Niestety w zdecydowanej większości przypadków czekolada gorzka jest gorzka tylko z nazwy - ilość dodanego cukru często dorównuje temu, który dodawany jest choćby do mlecznej czekolady tej samej marki. Niechlubnym przykładem może być Alpinella produkowana przez Terravitę, w której gorzkiej wersji znajdziemy 54g cukrów prostych, a w wersji mlecznej 60g.
Mit o zdrowej czekoladzie gorzkiej można więc włożyć między bajki?

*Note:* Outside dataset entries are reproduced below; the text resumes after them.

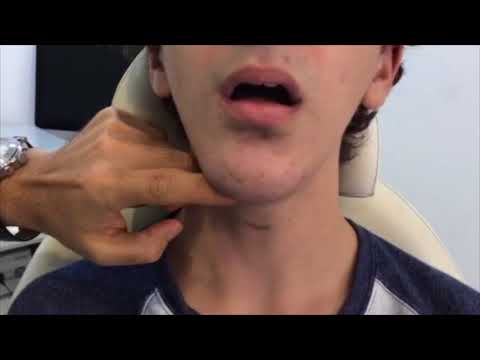 Parmaklarla Puberphonia Tedavisi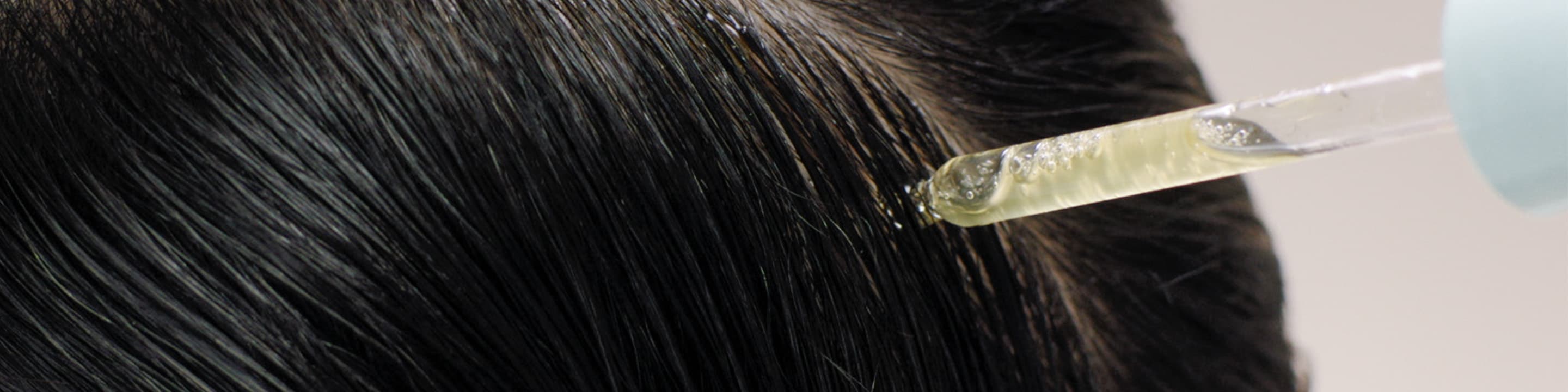 Un cuir chevelu sain pour des cheveux sains.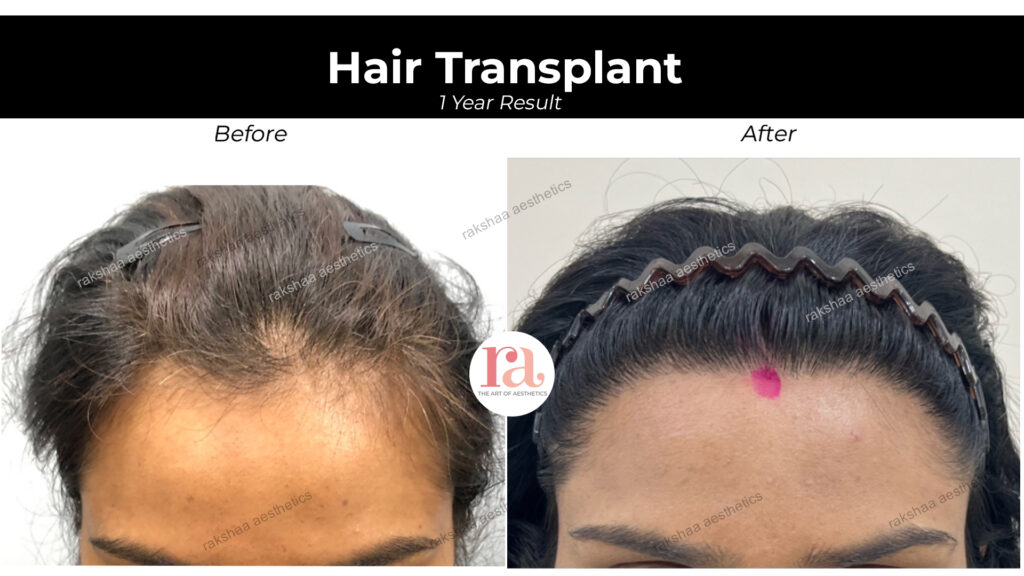 Hair Transplant Near Me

Cóż, nie do końca - choć trzeba się trochę natrudzić, żeby znaleźć dobrą gorzką czekoladę. Dobrym przykładem może być Lindt Excellence 85% Cocoa, w której znajdziemy 11g cukrów prostych w 100g czekolady, czy Wedel Mocno Gorzka 80% z 16g tych cukrów.
Warto jednak zwrócić uwagę, że choć zawartość węglowodanów jest niższa, kaloryczność niekoniecznie, ponieważ zwiększa się wtedy udział tłuszczu.
Dobra gorzka czekolada gorzka ma 3 lub nawet 4 razy mniej cukru od jej mlecznego odpowiednika, jedna czy dwie kostki po dobrze zbilansowanym obiedzie od czasu do czasu nie powinny więc stanowić większego problemu nawet dla diabetyków.
Jednak czasem pokusa na coś słodkiego jest większa niż zwykle i dwie kostki dla miłośników czekolady to zdecydowanie za mało. Od czasu do czasu warto więc kupić czekoladę dla diabetyków, do której zamiast cukru dodaje się słodzik, choćby erytrol czy stewię - np. czekolada gorzka z orzechami laskowymi firmy Torras. Taka czekolada nie wpłynie znacząco na poziom glukozy we krwi (zawiera zaledwie 2g cukrów prostych w 100g). Zawiera trochę mniej kalorii niż tradycyjna czekolada, nadal jednak jest dość kaloryczna, warto więc dozować sobie przyjemność i delektować się smakiem przez dłuższy czas.
Jeśli więc macie ochotę na gorzką czekoladę pamiętajcie, aby zawsze czytać etykiety i wybierać te, które nie są gorzkie tylko z nazwy.